Extracted data entries:

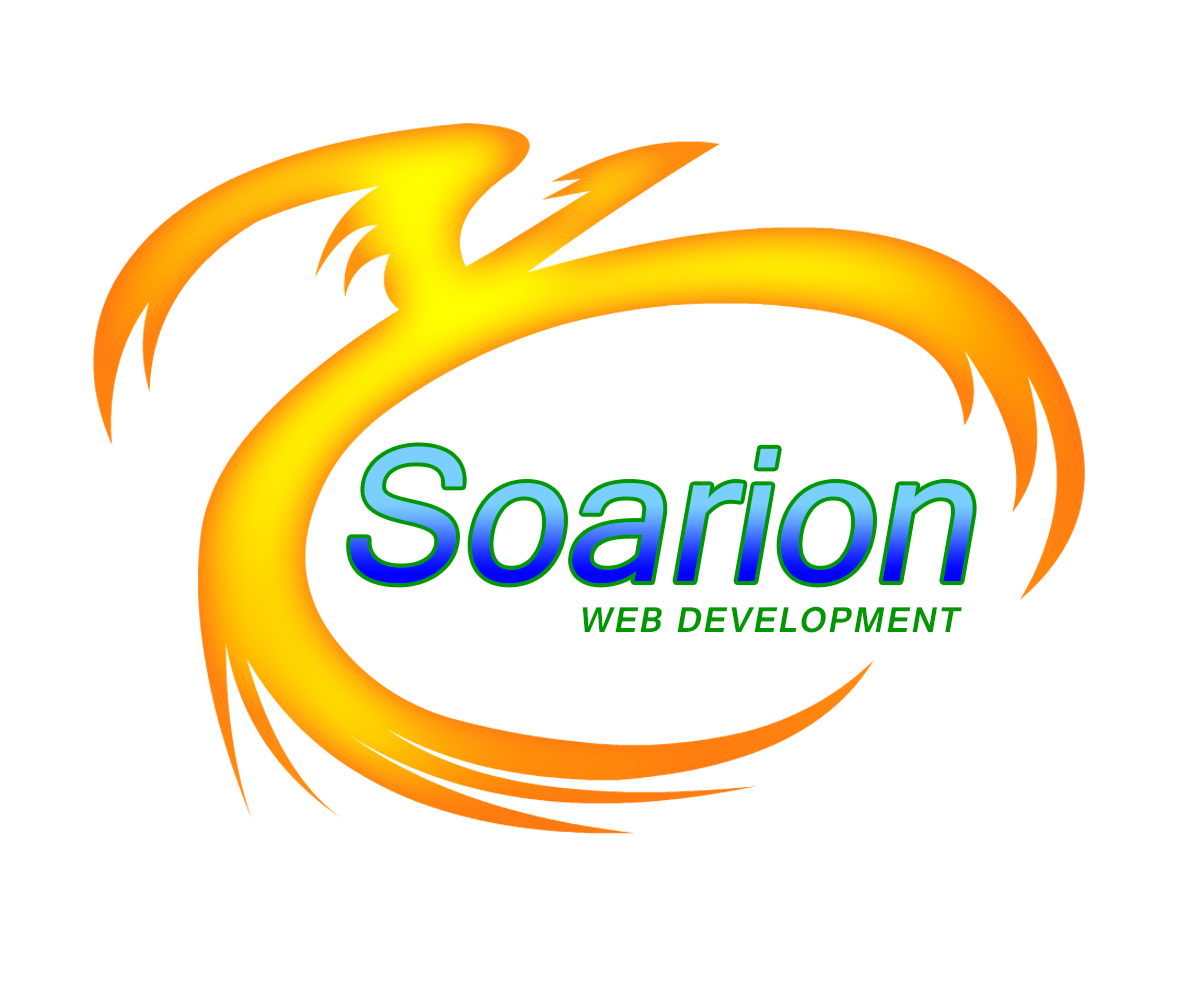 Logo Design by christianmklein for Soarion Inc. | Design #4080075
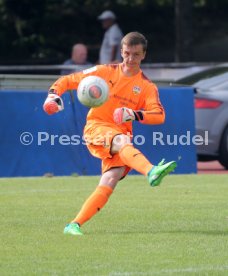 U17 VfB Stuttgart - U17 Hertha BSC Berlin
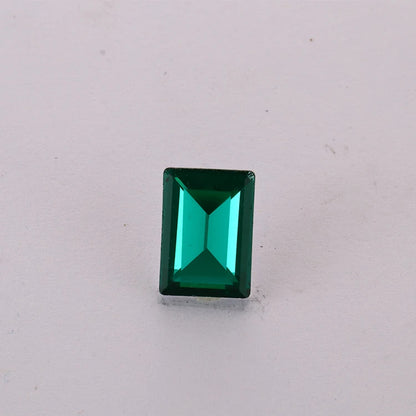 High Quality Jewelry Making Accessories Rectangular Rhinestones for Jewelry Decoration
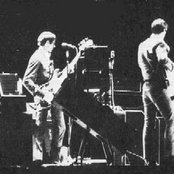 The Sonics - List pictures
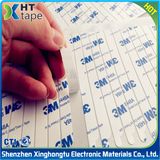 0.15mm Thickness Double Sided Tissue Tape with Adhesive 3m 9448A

**Problem description**.
No pictures belong in the answer. It must repeat exactly the lines from the line with "U17 VfB Stuttgart - U17 Hertha BSC Berlin" through the final line of the records.

**Response**.
 U17 VfB Stuttgart - U17 Hertha BSC Berlin
 High Quality Jewelry Making Accessories Rectangular Rhinestones for Jewelry Decoration
 The Sonics - List pictures
 0.15mm Thickness Double Sided Tissue Tape with Adhesive 3m 9448A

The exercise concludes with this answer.